Spot fires burst out in different sections of the kitchen, and from within the body of the radio which reports details of fires elsewhere, I can see the flames lick up the sounds. I use a hose to quench the fires but no sooner have I stopped one than another erupts.

Everywhere it is hot. A piece of metal on the ground is molten. I pick it up with tongs and toss it into a bucket of cold water. I do not realise at first that there is a crayfish living in this water. The heat of the metal causes the water in the bucket to boil. I hear the crayfish scream as it is cooked alive. Guilt as red and hot as the flames sears through me but I cannot pay it any attention. I pull the cray out of the water, thinking we can eat it later, that way at least it will not be wasted, but the RSPCA will be critical of me.

Tania, our old nanny, is desperate for a fruity bread roll, similar to the one I have put aside for later. I go to the shops to buy one for her, but they are sold out. Substitutes will not do. They are not as tasty, but I buy one anyway thinking I will give the one at home to Tania and eat the other myself. It should be okay toasted.

Everywhere outside en route to the shops are signs of devastation. I am fearful of the next fiery outburst.

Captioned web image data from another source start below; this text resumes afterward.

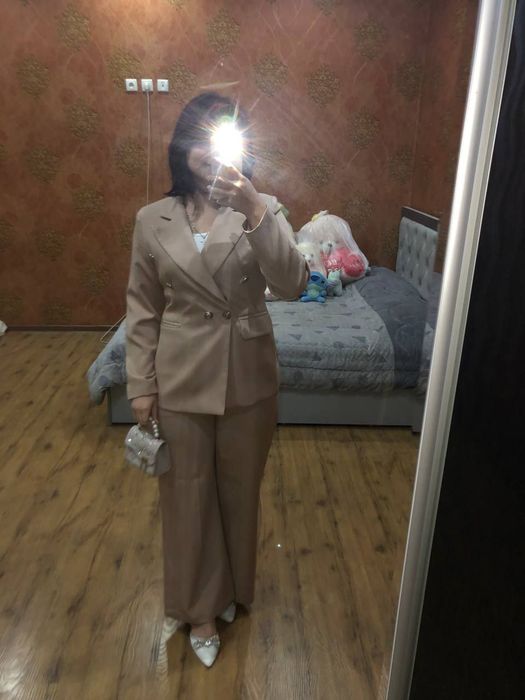 Kastyum shim ayollar uchun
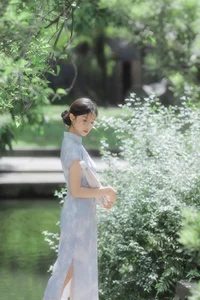 Modern Muse: The Captivating Cool Chinese Aesthetics of Tong Xuan Qi-14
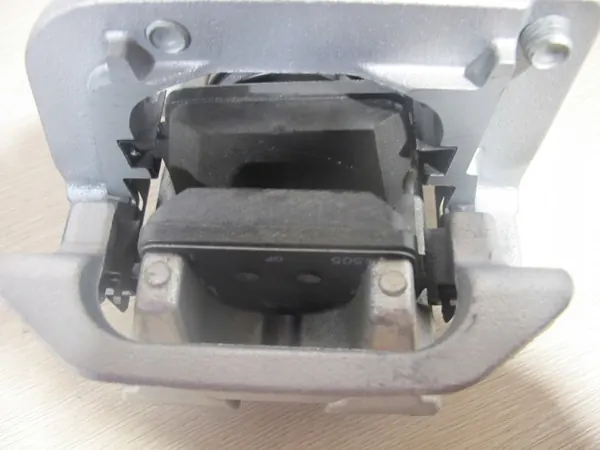 Bremszangen BMW OEM 6882246 - Gebraucht image 3
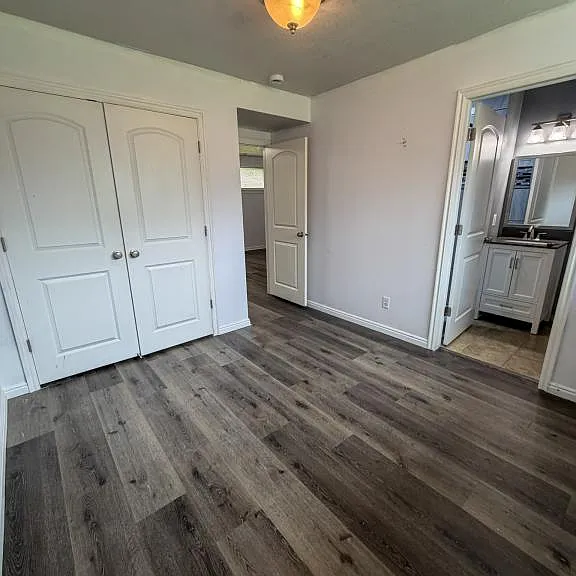 1278 Douglas St — Photo 16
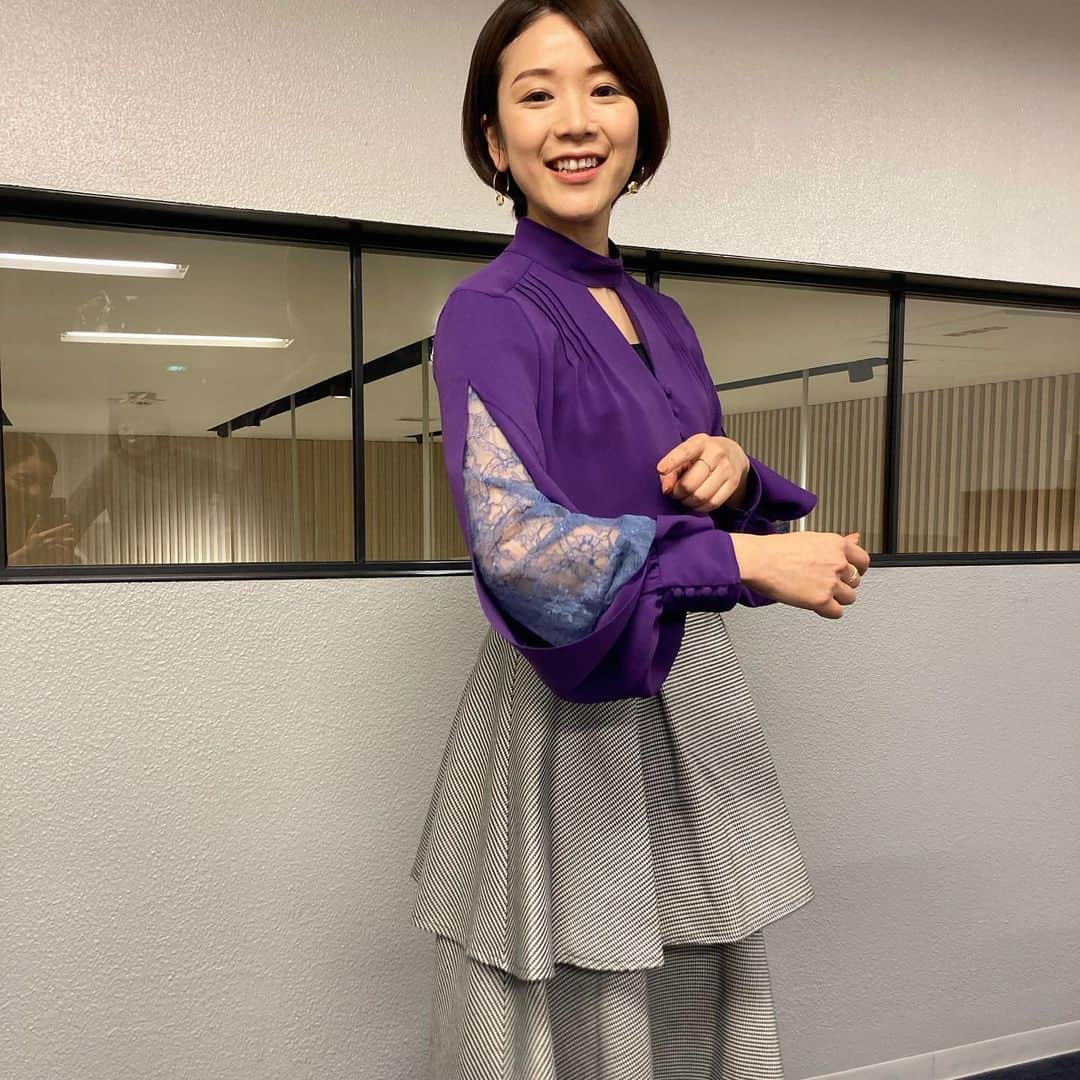 のインスタグラム：「また投稿サボってました😹  あっという間に1ヶ月  今月も無事収録終わりました🙋‍♀️  JETROの現場で数ヶ月前から  密かなブームが起きてます☺️  すばり  しるこサンドブーム♡  季節は冬に移りつつあるのに  食欲は秋のままです😹  #JETRO #globaleye #しるこサンド #秋の思い出」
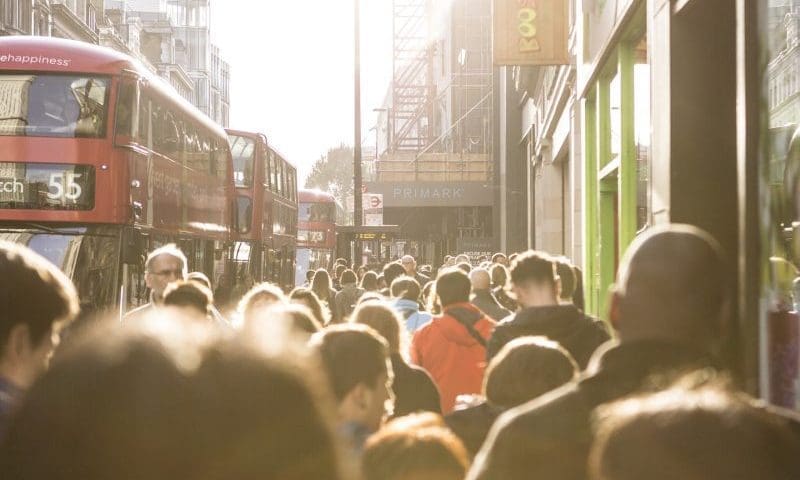 UK retail sales rise 1.6% in first quarter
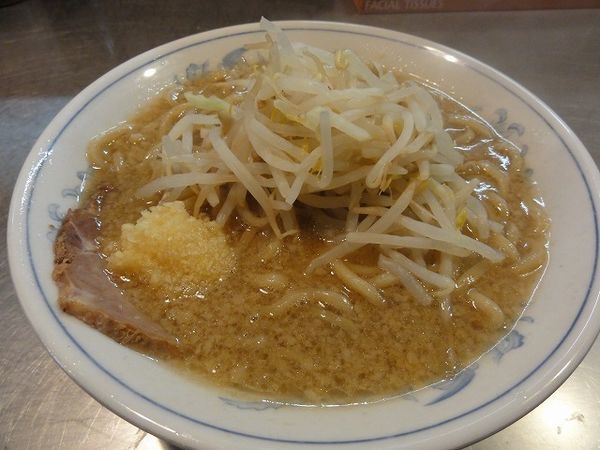 「ラーメン　680円　麺柔かめ　野菜少な目」@らーめん大 汐留店の写真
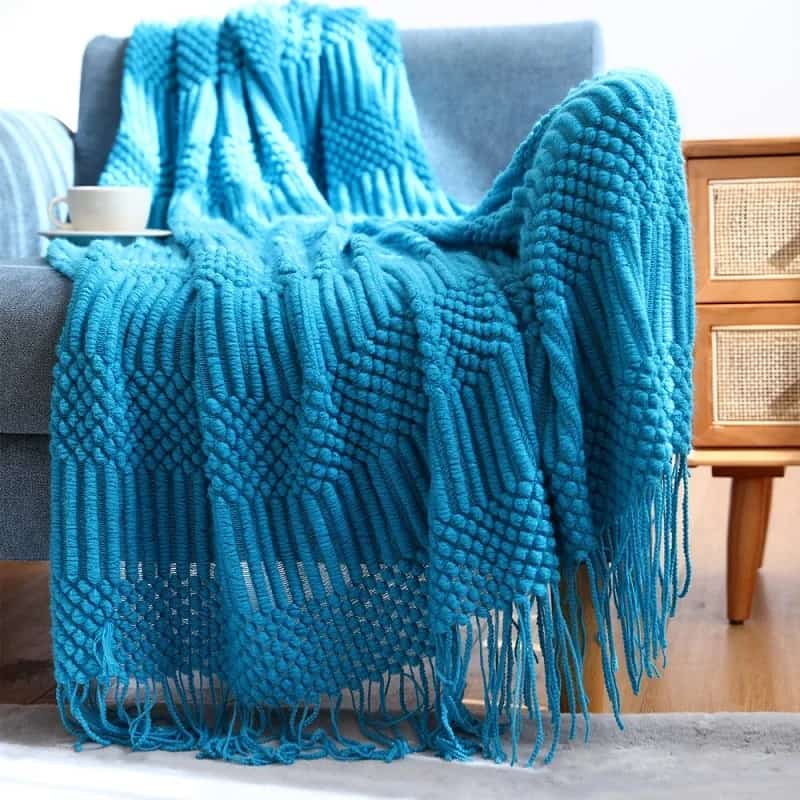 WARM KNITTED BLANKETS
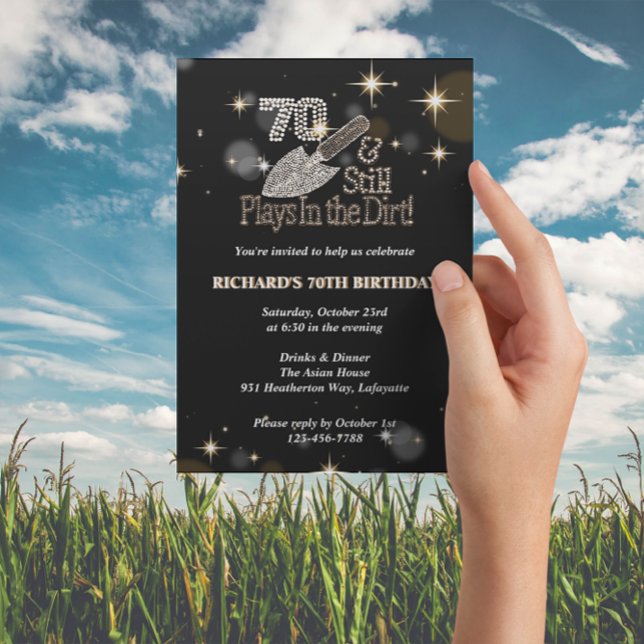 Invitación Siguen jugando en la desordenada fiesta de cumplea (Subido por el creador)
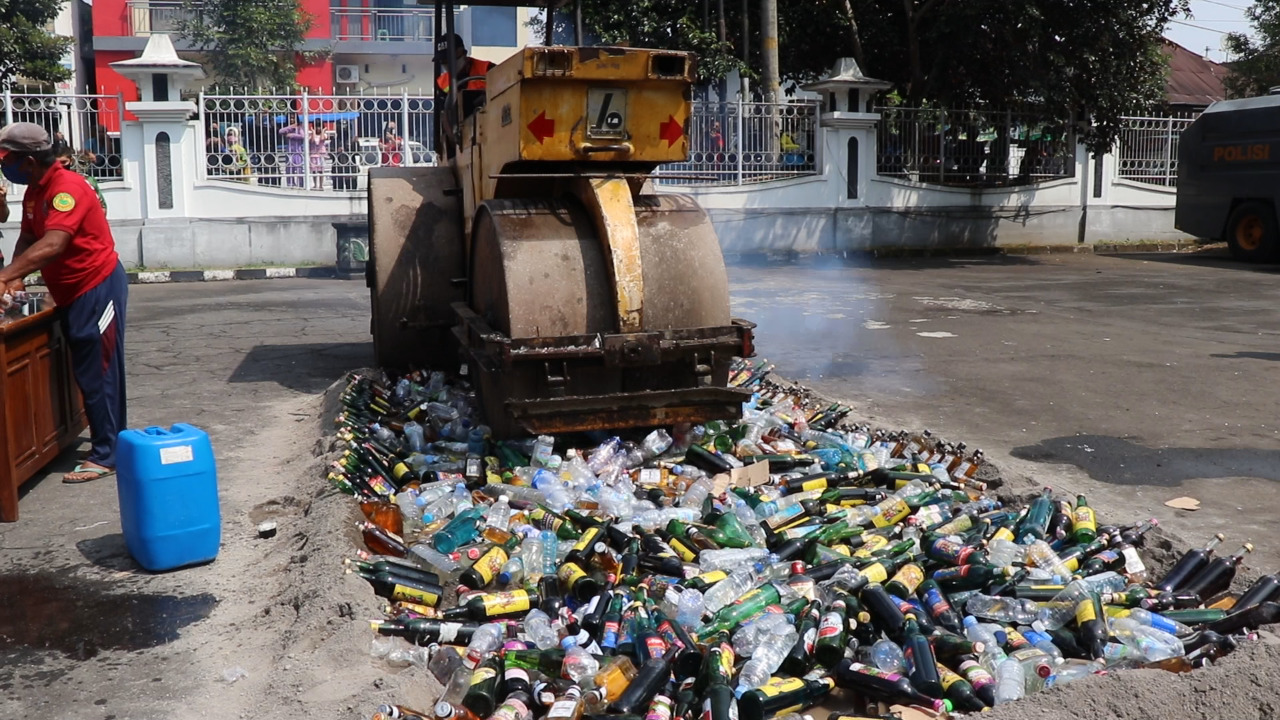 Pemusnahan Miras dan Petasan Guna Ciptakan Kondusifitas Keamanan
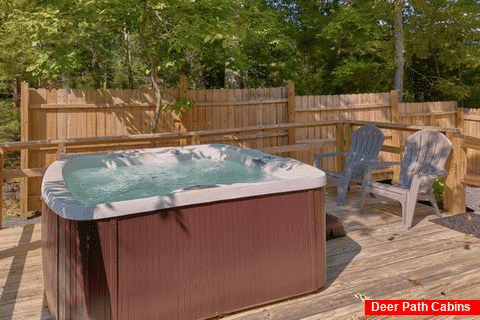 Private hot tub at 1 bedroom honeymoon cabin - Baby Bear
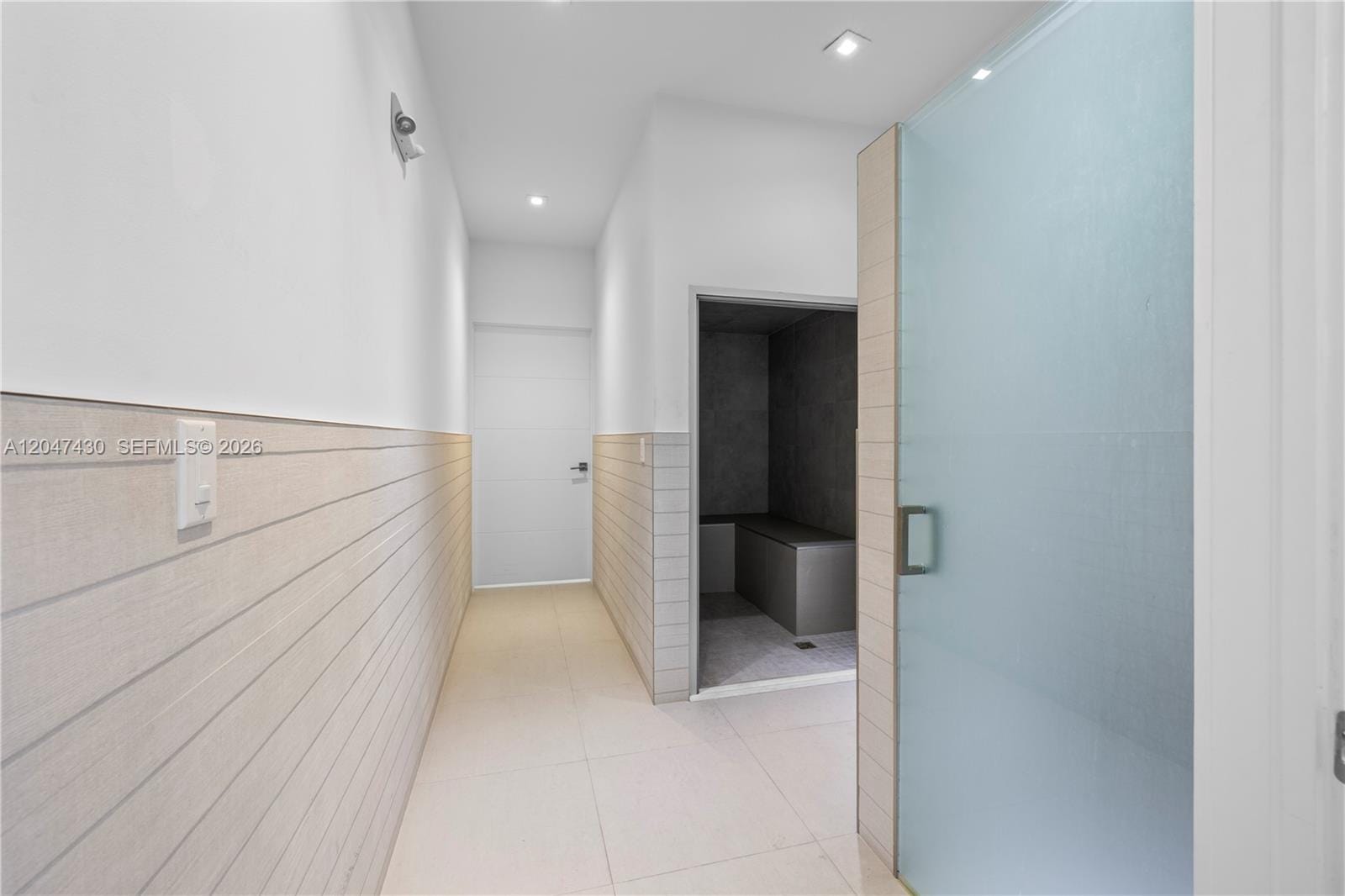 2457 Collins Avenue 406 — photo 12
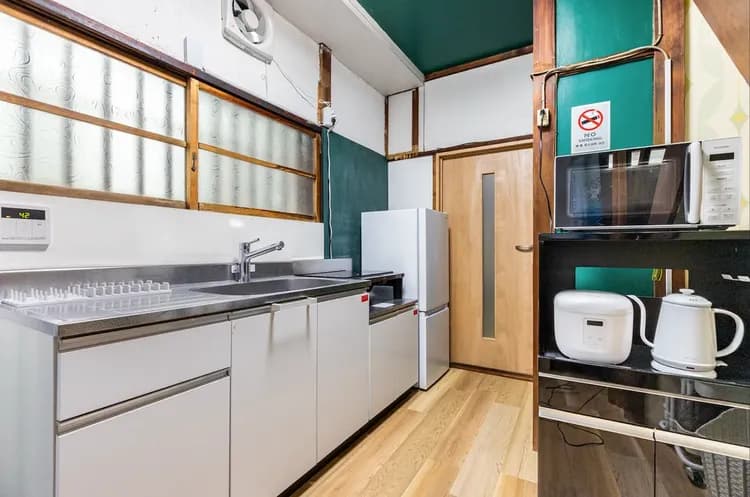 彌生町1丁目｜4人包棟/西新宿五丁目站步行11分/一線直達新宿站4分-2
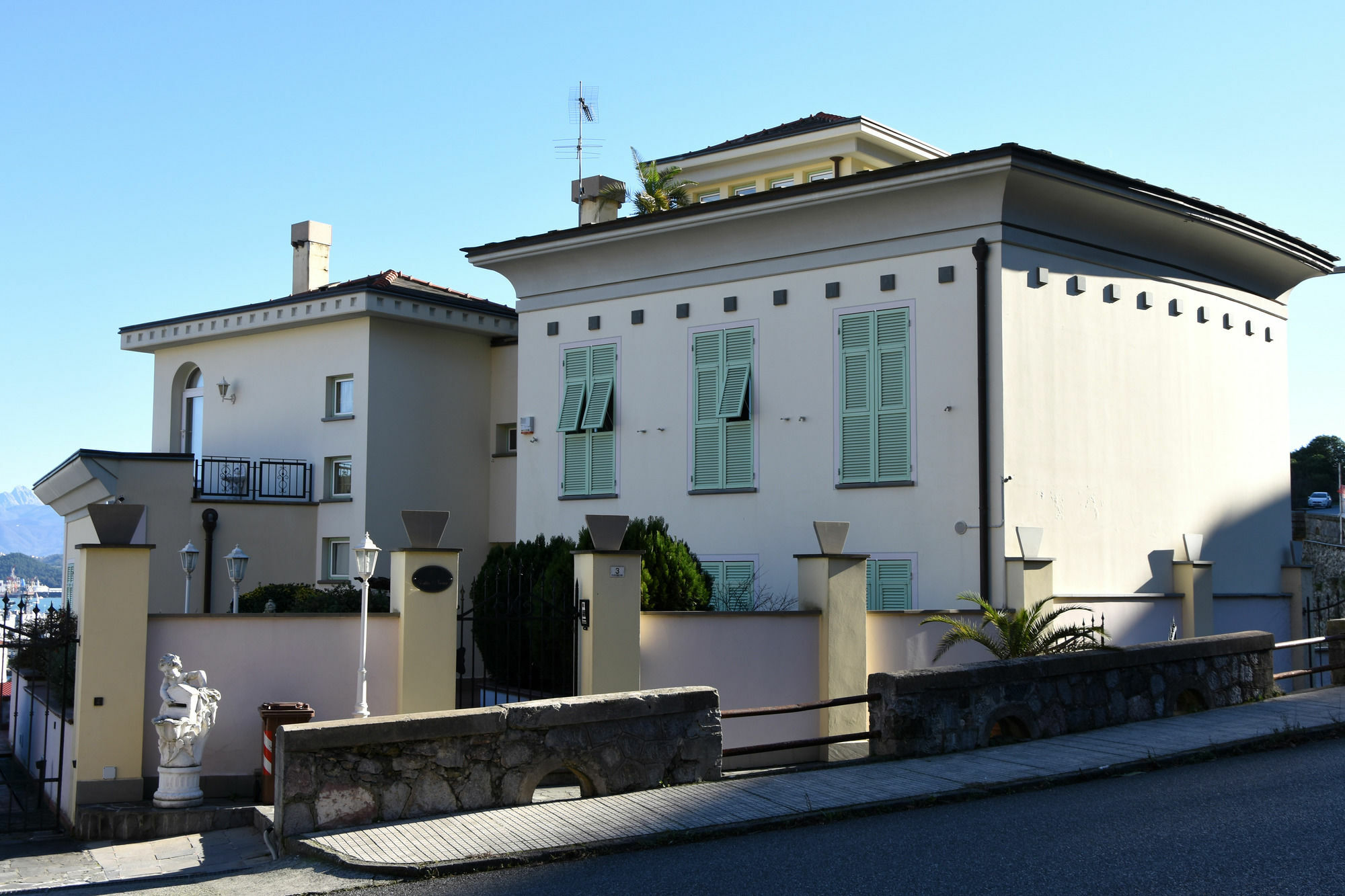 Villa Nina لا سبيتسْيا المظهر الخارجي الصورة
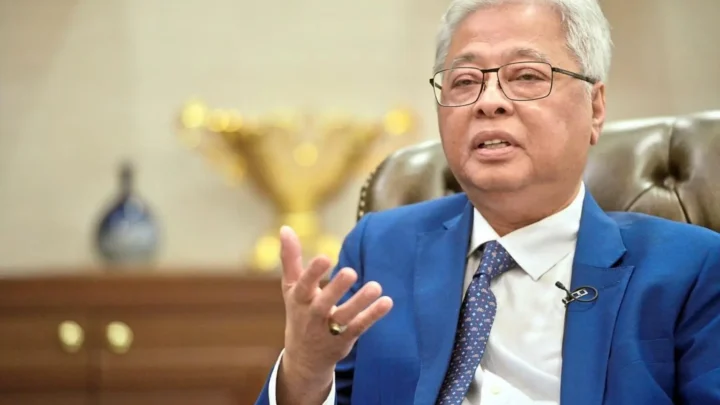 Ismail Sabri Yaakob Biography: Spouse, Age, Wife, Net Worth, Children, Wiki, Height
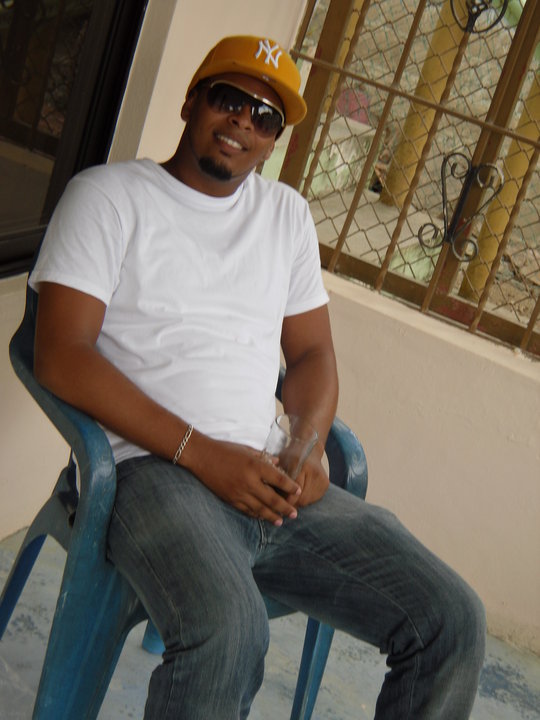 Date this foxy Dominican Republic man Edgar from Santo Domingo DO4397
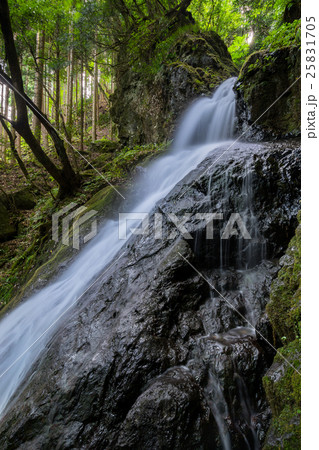 河原田不動（一の滝）（兵庫県穴粟市一宮町河原田） 25831705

In my hands, a framed sepia photograph of a crowded street in Mexico. Most of the men are wearing large straw hats, no two of which are alike. The picture comes to life: the hats, but not the faces or clothing, are infused with color; there is conversation, laughter, movement; the sound of a woman’s voice becomes the scent of gardenia.

Tuesday, April 28, 2009

End of the world dream. In NYC. Mass panic & confusion. A huge building with a four-story balcony inside, lots of people, elevators. Nobody knows where to go or what to do.

Somehow I get home. An SUV-sized (and shaped) bomb lands on the front lawn, but does not detonate. Then a missile the size of a fire extinguisher crashes through the window. Sensation & look of thousands of tiny stinging tick-sized black ants all over me.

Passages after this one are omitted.